Learn about CVE-2022-36005, a TensorFlow vulnerability allowing denial of service attacks. Discover impact, affected versions, and mitigation steps.
This article provides detailed information about CVE-2022-36005, a vulnerability in TensorFlow that could lead to a denial of service attack.
Understanding CVE-2022-36005
In this section, we will explore what CVE-2022-36005 is and its impact.
What is CVE-2022-36005?
CVE-2022-36005 is a vulnerability in TensorFlow, an open-source platform for machine learning. The issue arises when
tf.quantization.fake_quant_with_min_max_vars_gradient
receives nonscalar input for min
or max
, resulting in a CHECK
fail that could be exploited for a denial of service attack. The problem has been addressed in GitHub commit f3cf67ac5705f4f04721d15e485e192bb319feed and will be fixed in TensorFlow 2.10.0. Users of TensorFlow 2.9.1, 2.8.1, and 2.7.2 are also advised to apply the patch.
The Impact of CVE-2022-36005
The vulnerability has a CVSS base score of 5.9, indicating a medium severity issue. With a high attack complexity and network vector, the vulnerability could have a significant impact on availability, making it crucial to address promptly.
Technical Details of CVE-2022-36005
This section covers specific technical details of the CVE, including vulnerability description, affected systems and versions, and exploitation mechanism.
Vulnerability Description
The vulnerability in TensorFlow arises from improper handling of input data in the
fake_quant_with_min_max_vars_gradient
function, leading to a CHECK fail that can be abused by threat actors to launch a denial of service attack.

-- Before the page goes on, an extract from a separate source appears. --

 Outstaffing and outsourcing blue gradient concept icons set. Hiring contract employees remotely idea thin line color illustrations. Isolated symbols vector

Affected Systems and Versions
The vulnerability affects TensorFlow versions prior to 2.7.2, versions between 2.8.0 and 2.8.1, and versions between 2.9.0 and 2.9.1. Users of these versions are advised to apply the necessary patches.
Exploitation Mechanism
Exploiting this vulnerability requires sending specially crafted nonscalar input to the affected function, triggering the CHECK fail and potentially leading to a denial of service condition.
Mitigation and Prevention
In this section, we will discuss the steps users can take to mitigate the risk posed by CVE-2022-36005 and prevent potential exploitation.
Immediate Steps to Take
Users are advised to update their TensorFlow installations to the latest patched versions to eliminate the vulnerability. Additionally, monitoring network traffic for any suspicious activity can help detect potential exploitation attempts.

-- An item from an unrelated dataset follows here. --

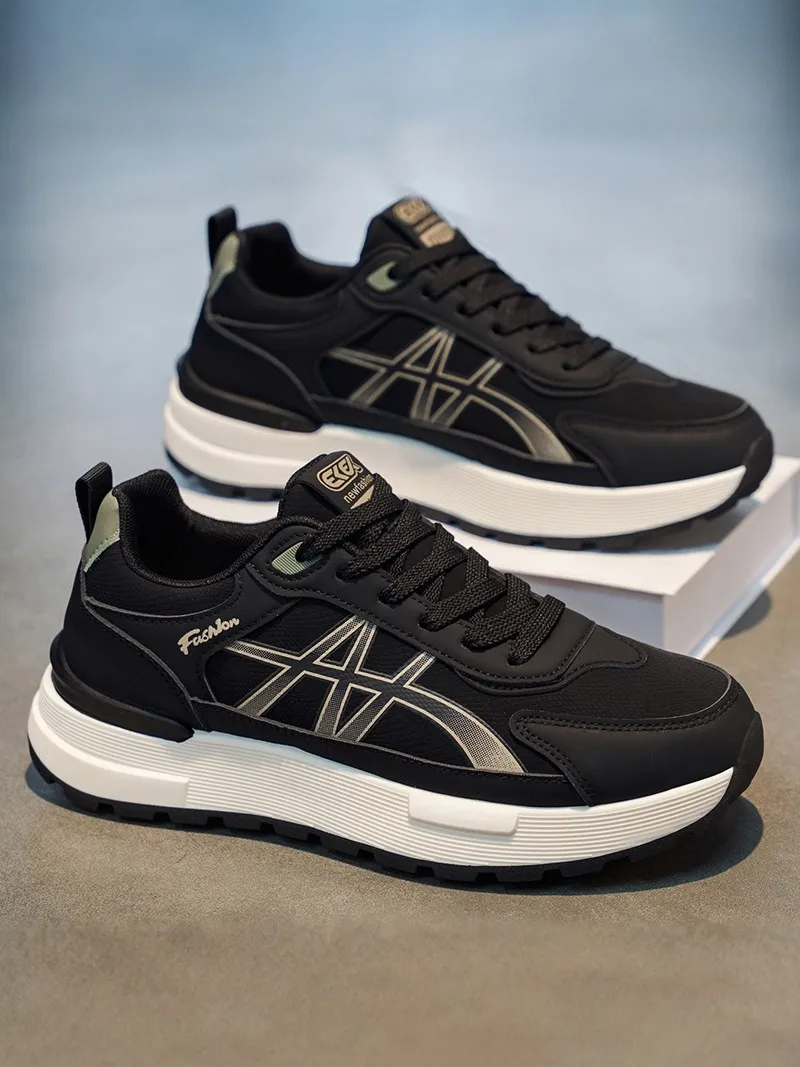 

Casual Running Shoes for Men Summer Trendy All-Match Soft Bottom Thickened Heel Increase Trend Black Dad Shoes Fashionable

Long-Term Security Practices
Implementing secure coding practices and regular security audits can help prevent similar vulnerabilities in the future. It is crucial to stay informed about security updates and promptly apply patches to protect against known threats.
Patching and Updates
TensorFlow users should regularly check for updates from the official sources and apply patches as soon as they are available to ensure their systems are protected from known vulnerabilities.